Il potente messaggio di attualità, di cui è portavoce questo film, mi rievoca la scrittrice Michela Murgia nella lotta al patriarcato, con la sua famiglia Queer. Bella Baxter vuole cambiare il mondo, così intraprende le orme professionali del padre suo creatore (che non a caso chiama God, da Godwiin ed anche questo è un riferimento a Mary Shelley, infatti il padre della scrittrice si chiamava William Godwin), che innestava cervelli, punta a distruggere il patriarcato, la possessività maschile, tra “furiosi sobbalzi” di sano appetito e puro piacere, esercita il diritto alla libertà sessuale, uccidendo il mito della donna-oggetto, del corpo da usare, dominare e possedere.
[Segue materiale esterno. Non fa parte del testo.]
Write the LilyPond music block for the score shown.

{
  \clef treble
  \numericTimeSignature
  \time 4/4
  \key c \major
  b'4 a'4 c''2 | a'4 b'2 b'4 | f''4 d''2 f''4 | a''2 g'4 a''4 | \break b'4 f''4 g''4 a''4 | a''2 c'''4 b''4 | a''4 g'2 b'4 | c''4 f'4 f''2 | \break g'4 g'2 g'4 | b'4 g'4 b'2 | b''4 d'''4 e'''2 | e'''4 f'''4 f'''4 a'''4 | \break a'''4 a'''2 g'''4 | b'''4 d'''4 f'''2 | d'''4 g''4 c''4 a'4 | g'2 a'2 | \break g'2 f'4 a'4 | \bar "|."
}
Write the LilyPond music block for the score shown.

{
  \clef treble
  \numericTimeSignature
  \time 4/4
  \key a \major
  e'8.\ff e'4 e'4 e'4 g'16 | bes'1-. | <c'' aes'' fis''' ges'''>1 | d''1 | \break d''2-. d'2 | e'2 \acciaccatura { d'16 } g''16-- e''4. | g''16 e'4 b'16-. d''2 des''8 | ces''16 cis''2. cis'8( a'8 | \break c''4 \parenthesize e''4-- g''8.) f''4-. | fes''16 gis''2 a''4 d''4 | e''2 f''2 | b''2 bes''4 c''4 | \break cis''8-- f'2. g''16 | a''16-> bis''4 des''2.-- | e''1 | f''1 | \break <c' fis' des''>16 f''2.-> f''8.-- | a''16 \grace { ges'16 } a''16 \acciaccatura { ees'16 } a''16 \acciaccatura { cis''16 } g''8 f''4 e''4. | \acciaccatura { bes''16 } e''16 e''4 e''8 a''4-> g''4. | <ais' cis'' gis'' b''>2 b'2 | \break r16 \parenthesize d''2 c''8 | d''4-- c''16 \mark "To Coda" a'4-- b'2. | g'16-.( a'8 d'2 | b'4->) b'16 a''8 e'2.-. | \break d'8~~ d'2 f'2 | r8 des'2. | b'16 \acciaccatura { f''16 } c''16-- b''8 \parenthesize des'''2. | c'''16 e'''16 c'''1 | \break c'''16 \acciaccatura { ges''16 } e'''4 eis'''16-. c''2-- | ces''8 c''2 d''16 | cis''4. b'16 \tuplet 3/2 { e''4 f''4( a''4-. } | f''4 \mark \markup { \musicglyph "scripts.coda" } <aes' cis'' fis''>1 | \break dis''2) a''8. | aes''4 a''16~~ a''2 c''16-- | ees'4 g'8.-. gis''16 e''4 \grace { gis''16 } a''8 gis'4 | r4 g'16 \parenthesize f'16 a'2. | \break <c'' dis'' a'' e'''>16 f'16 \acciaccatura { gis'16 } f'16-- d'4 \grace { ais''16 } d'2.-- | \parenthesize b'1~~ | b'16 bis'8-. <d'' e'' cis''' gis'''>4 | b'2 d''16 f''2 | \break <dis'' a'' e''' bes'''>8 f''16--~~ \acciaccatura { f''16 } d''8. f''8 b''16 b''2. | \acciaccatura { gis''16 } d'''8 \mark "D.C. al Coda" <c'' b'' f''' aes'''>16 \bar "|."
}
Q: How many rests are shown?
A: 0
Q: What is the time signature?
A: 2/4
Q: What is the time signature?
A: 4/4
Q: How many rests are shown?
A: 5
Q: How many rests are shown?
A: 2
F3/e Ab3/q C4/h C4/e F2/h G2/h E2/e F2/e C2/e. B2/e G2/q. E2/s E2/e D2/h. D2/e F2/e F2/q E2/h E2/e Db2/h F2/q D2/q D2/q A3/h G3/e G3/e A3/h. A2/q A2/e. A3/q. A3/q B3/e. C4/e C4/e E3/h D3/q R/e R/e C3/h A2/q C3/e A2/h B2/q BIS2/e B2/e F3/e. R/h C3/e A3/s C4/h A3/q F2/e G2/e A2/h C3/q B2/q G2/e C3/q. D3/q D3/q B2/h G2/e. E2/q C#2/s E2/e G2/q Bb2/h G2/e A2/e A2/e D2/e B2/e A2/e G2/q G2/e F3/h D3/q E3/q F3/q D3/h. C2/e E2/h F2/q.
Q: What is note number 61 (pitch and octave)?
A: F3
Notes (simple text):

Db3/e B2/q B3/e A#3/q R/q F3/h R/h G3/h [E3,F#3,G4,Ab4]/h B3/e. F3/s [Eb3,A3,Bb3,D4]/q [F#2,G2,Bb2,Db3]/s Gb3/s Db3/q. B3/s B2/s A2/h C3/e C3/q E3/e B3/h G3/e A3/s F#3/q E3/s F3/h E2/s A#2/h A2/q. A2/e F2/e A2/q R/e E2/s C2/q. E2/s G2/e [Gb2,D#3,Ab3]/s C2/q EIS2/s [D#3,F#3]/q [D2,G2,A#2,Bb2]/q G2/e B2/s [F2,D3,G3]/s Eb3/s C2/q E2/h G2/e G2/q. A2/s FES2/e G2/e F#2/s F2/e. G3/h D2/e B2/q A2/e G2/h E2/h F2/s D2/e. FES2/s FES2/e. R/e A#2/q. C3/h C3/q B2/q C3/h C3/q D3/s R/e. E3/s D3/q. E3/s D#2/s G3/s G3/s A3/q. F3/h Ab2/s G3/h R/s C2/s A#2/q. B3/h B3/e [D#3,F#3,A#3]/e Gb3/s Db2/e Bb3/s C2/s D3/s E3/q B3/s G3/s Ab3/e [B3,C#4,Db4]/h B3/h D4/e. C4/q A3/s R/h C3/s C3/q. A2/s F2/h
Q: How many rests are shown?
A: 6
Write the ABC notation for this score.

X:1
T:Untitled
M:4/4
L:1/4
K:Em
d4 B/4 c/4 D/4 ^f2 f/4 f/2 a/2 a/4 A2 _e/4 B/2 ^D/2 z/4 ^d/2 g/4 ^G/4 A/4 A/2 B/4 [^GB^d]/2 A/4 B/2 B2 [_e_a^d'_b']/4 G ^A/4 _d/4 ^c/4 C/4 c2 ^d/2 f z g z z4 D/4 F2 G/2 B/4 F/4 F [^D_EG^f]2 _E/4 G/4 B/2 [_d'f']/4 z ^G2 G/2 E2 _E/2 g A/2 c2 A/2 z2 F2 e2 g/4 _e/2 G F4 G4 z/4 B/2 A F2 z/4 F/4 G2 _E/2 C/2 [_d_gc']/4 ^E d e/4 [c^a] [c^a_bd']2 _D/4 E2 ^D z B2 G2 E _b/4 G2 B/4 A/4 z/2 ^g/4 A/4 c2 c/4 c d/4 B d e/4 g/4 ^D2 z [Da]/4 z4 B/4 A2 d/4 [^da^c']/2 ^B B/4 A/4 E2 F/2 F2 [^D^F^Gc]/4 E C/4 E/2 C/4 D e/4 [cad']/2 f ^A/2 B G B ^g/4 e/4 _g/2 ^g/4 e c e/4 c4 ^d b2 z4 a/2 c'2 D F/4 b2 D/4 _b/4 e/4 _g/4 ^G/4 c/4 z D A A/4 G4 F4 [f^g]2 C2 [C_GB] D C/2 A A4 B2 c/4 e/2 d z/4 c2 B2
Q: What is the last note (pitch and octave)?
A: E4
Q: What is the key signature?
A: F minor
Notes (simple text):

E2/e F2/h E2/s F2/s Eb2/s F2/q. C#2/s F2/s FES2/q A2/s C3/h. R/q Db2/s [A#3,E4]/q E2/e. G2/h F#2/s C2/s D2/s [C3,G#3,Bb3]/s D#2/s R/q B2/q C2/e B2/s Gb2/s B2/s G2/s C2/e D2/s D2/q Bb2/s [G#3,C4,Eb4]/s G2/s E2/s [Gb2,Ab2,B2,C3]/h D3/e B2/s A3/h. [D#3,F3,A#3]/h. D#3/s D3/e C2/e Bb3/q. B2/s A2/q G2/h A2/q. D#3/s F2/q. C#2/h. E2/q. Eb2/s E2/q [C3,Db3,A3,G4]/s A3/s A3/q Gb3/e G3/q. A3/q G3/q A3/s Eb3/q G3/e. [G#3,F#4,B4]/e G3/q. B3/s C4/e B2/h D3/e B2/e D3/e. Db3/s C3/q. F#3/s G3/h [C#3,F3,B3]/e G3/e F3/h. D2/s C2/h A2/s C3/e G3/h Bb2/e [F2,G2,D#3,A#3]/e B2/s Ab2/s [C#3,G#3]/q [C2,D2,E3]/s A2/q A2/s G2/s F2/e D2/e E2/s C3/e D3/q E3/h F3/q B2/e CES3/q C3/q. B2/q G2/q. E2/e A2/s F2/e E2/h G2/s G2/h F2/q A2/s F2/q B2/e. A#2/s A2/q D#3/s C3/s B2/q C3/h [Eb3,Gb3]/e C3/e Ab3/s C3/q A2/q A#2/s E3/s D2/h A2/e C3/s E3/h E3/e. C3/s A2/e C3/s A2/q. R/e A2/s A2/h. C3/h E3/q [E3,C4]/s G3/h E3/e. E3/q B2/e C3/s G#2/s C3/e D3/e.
Priva dei condizionamenti sociali, essendo cresciuta per lo più in cattività, Bella non ha tabù, sensi di colpa, censure lessicali. Vive senza complicazioni sentimentali e condizionamenti morali, combatte per la sopravvivenza di chi soffre la povertà.

Vi suggerisco di andare a vedere “Povere Creature” e non solo per l’interpretazione magnifica dell’attrice Emma Stone, che aveva già recitato per Lanthimos nel 2018, in The Favourite, ma anche perché dopo il Leone d’oro, meriterà pure l’Oscar.

Ma chi sono le povere creature? Siamo noi tutti. Imbrigliati nella rete dei condizionamenti sociali, negli stereotipi del falso perbenismo, nell’infelicità di una vita che non rispecchia l’autenticità dell’individuo.